About 75% of all donated embryos survive the thawing and transfer process, and between 25 to 30% of all implants are successful, Sommerfelt told CNN in 2017 when Emma was born.



Questions still remain about the difference age makes in an embryo's successful birth, but the center says that the Gibson girls' births are both positive examples of using older embryos.



Molly's birth was a bright spot during the pandemic



The second embryo the Gibsons adopted wasn't thawed and transferred to Gibson's uterus until February.
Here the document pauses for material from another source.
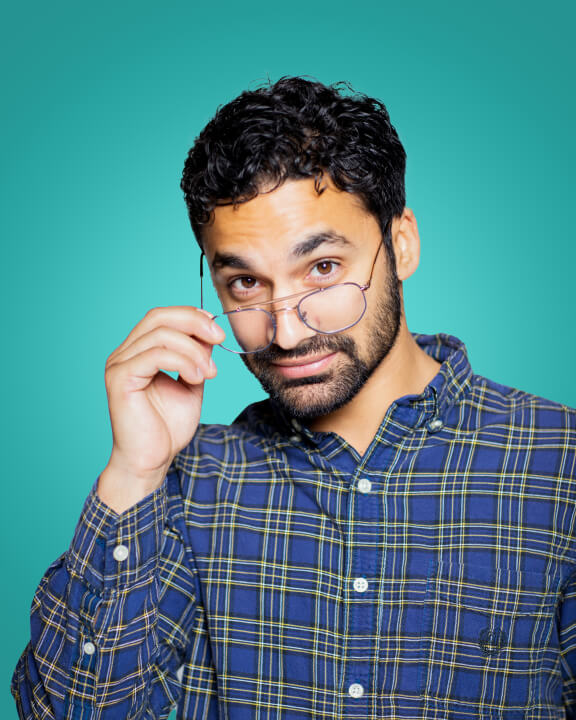A young person in a blue plaid shirt looks earnestly at the camera over the tops of their glasses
Gibson said she found out she was pregnant with Molly just days before Covid-19 was declared a pandemic.



"She's definitely been a little spark of joy for 2020," she said.



Born at the end of October at 6 pounds, 13 ounces, Molly lit up her family's world. And though she and her sister are medical marvels, Gibson said the thing that still surprises her the most is the fact that they're both hers.



"Every single day, my husband and I talk about it," she said. "We're always like, 'Can you believe we have not one little girl, but two little girls? Can you believe we're parents to multiple children?'"



Gibson told CNN in 2017, upon Emma's birth, that she and her husband had struggled with infertility. The couple had their hearts set on traditional adoption, but after her parents suggested checking out embryo adoption, their path changed in unexpected ways.



"You would think that throughout pregnancy that I would just be used to it, but I'm still completely blown away that they are ours," she said.



Correction: An earlier version of this story listed the wrong first name for the president of the National Embryo Donation Center. He is Dr. Jeffrey Keenan.